The report of the dissenting members of the committee, Messrs. Johnson, Rogers and Grider, was an ably prepared document embodying at length the doctrines of the minority in Congress, composed of the Democrats and the few Republicans who still sustained the President. As a matter of course the argument was built upon the premise that the so-called Confederate States were never legally separated from the Union, but were bound by all the obligations and entitled to all the privileges of other States. “In its nature the government is formed of and by States possessing equal rights and powers.” A State cannot be held to have forfeited its rights. “To concede that by the illegal conduct of her own citizens she can be withdrawn from the Union, is virtually to concede the right of secession.”

Were the States out of the Union, the minority continued, the submission to them of the proposed constitutional amendment would be absurd; and such submission virtually conceded that the condition of the States remained unchanged. The constitutional power to suppress insurrection is for the preservation, not the subjugation of the State. “The continuance of the Union of all the States is necessary to the intended existence of the Government,” and a different principle leads to disintegration. The war power, as such, cannot be used to extinguish the States; the Government only seeks to suppress the insurrection, achieving which all the States resume their normal relations.
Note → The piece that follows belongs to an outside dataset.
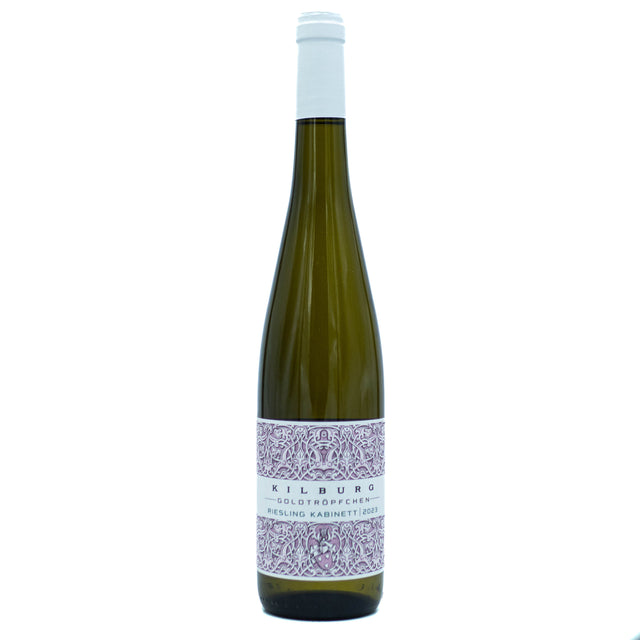 Max Kilburg Riesling Goldtropfchen Kabinett 2023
The States now have organized governments, republican in form, and the manner in which they were formed is no concern of Congress. “Congress may admit new States, but a State once admitted ceases to be within its control and can never again be brought within it.” There is nothing in the political condition of these States justifying their exclusion from representation in Congress. The proposed amendment would degrade the Southern States, as it would compel them to accept either a lessened representation or negro suffrage. Further, it interfered with the right of every State to regulate the franchise; and, by joining several subjects and requiring them to be voted on as a whole, deprived the people of the opportunity of passing on this important question separately.
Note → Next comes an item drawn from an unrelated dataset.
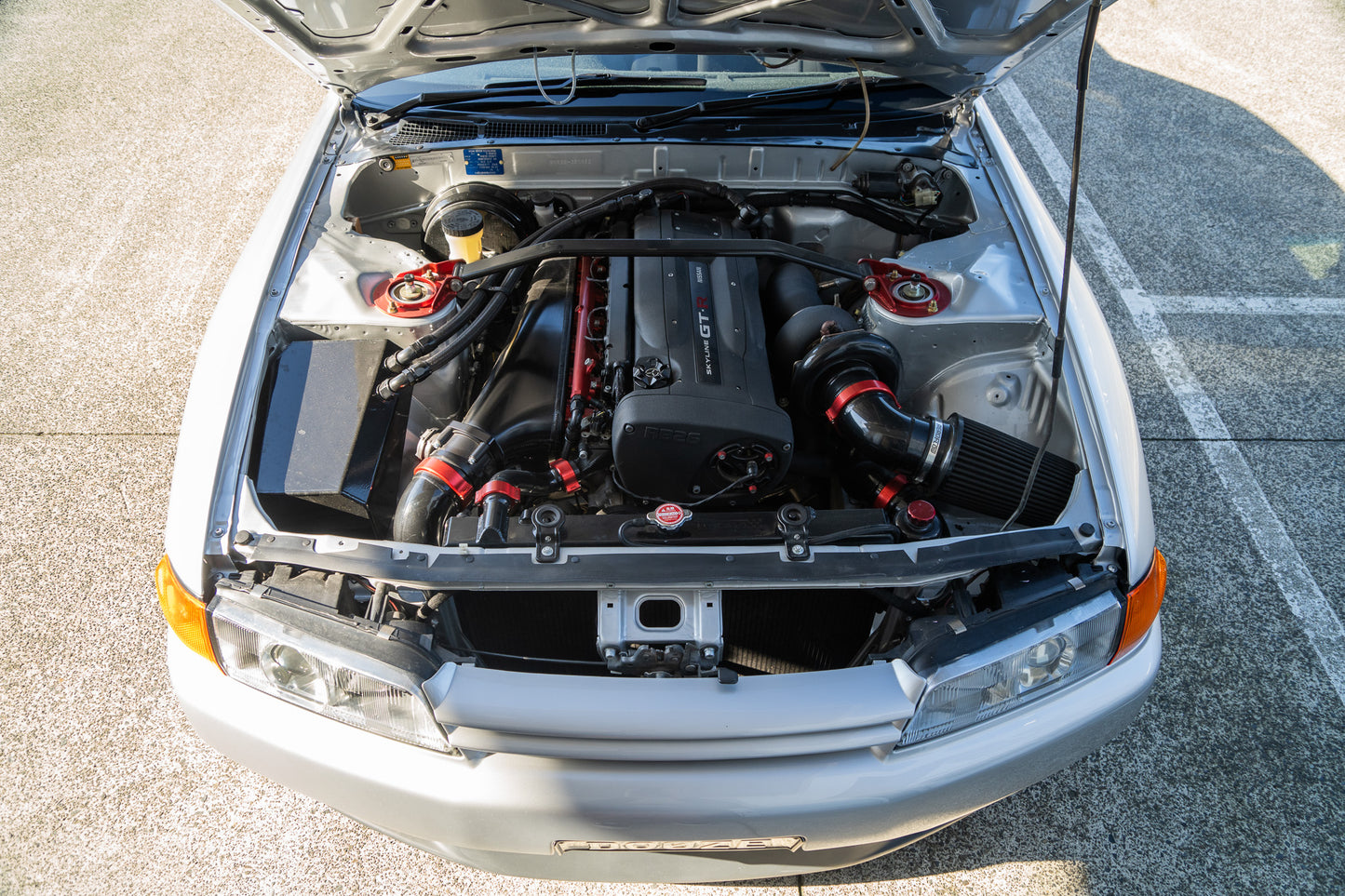 1994 Nissan Skyline R32 GTR - 724HP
8. The Joint Committee on Reconstruction had already reported two bills and one joint resolution which in its report of June 18 were declared to be the fruit of its labors. These were introduced in the House by Mr. Stevens, April 30. The resolution proposed an amendment to the Constitution, which, as finally amended, became the 14th Amendment.[111] The two accompanying bills were entitled respectively: (1) “A Bill to provide for restoring the States lately in insurrection to their full political rights.” (2) “A Bill declaring certain persons ineligible to office under the Government of the United States.”